An anthropomorphic skunk with the body of Arnold Schwarzenegger, Stinkor was released as part of the fourth generation of Masters of the Universe action figures back in 1985. He’s decidedly a D-list villain: in fact, he’s essentially just a repainted version of an original He-Man baddie named Mer-Man, wearing armor recycled from another action figure called Mekaneck, “the Heroic Human Periscope.”
Stinkor’s ignoble pedigree didn’t end at being a Frankenstein of existing He-Man parts. The writers on the Masters of the Universe cartoon show wanted nothing to do with him, refusing to write an episode about a character who was “a walking fart joke.” Considering the show’s writers had to produce 65 episodes a year and were perpetually on the lookout for new ideas, this was quite a diss. In fact, Stinkor’s only canonical appearance in the original Masters of the Universe is a mini-comic packed in with the figure called “Stench of Evil.”
Perhaps, then, it was only appropriate that Stinkor’s saving grace was that he stunk as bad literally as he did figuratively. From the moment you took him from his box, the so-called “Evil Master of Odors” smelled pungent.

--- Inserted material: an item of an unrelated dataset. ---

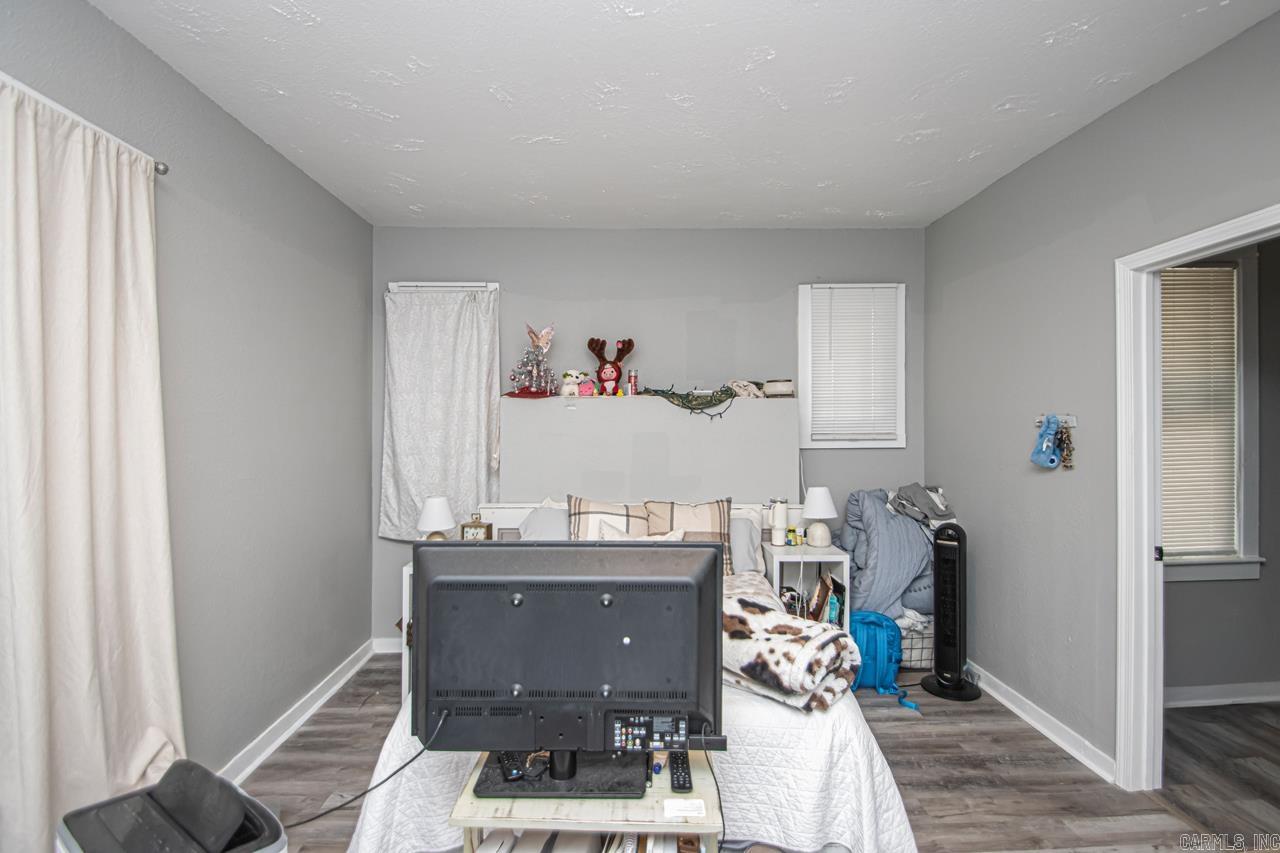 Weldon E Wrights - Residential Income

Stinkor’s odiferousness was accomplished by Mattel actually mixing patchoulli oil into the mold. Mattel did the same thing with Stinkor’s nemesis, Mossman, a repurposed Beast Man with scratchy green astroturf glued on who smelled like pine because it had similarly been baked in.
The result was that no amount of washing Stinkor or playing with him could make the smell go away, prompting untold numbers of moms to “accidentally” throw Stinkor in the trash or bury him in the back garden. Stinkor exuded stench from his every pore.
But what made Stinkor and Mossman unique amongst 1980s toys is not that they had a smell to them. Scented toys were a popular gimmick at the time, although they were usually marketed to girls; Strawberry Shortcake and My Little Pony figures were usually scented like fruit, a feat largely accomplished by perfuming their hair. But if you pick up a vintage Strawberry Shortcake today, she’ll just smell like a doll. Stinkor? Kids today are still marveling at his stench. He’ll smell for decades yet.
Every kid who grew up in the 1980s remembers that new toy smell. It was intoxicating. Peeling the blister-pack sarcophagus of some action figure open, you’d get your first whiff. A sweet chemical potpourri of plastics, paints, and resin: This was the perfume worn by the bizarre, brightly colored muscleman of your latest He-Man or Thundercats action figure.
But that new toy smell never lasted long. It wore off quickly. We always needed the next fix. And for many of us, it was our first lesson about the ephemeral nature of scent; the way a smell can uniquely touch an emotion within us and evoke it just as poignantly as it did the first time. With a toy, the smell might evoke hyperactive excitement and the satiation of our covetousness; but the profound power of smell to evoke the emotions of the past is the same whether it is the scent of an action figure or a dried-out vial of a past lover’s perfume.
Smell fades so quickly. But 30 later, Stinkor still smells terrible. Maybe that’s what made him such a reject of an action figure back then. But unique to almost any other toy, smelling a Stinkor today will be the same as it was back in 1985. Sure, Stinkor’s a lame misfit of cast-off parts that smell like hippies. That’s what makes him timeless.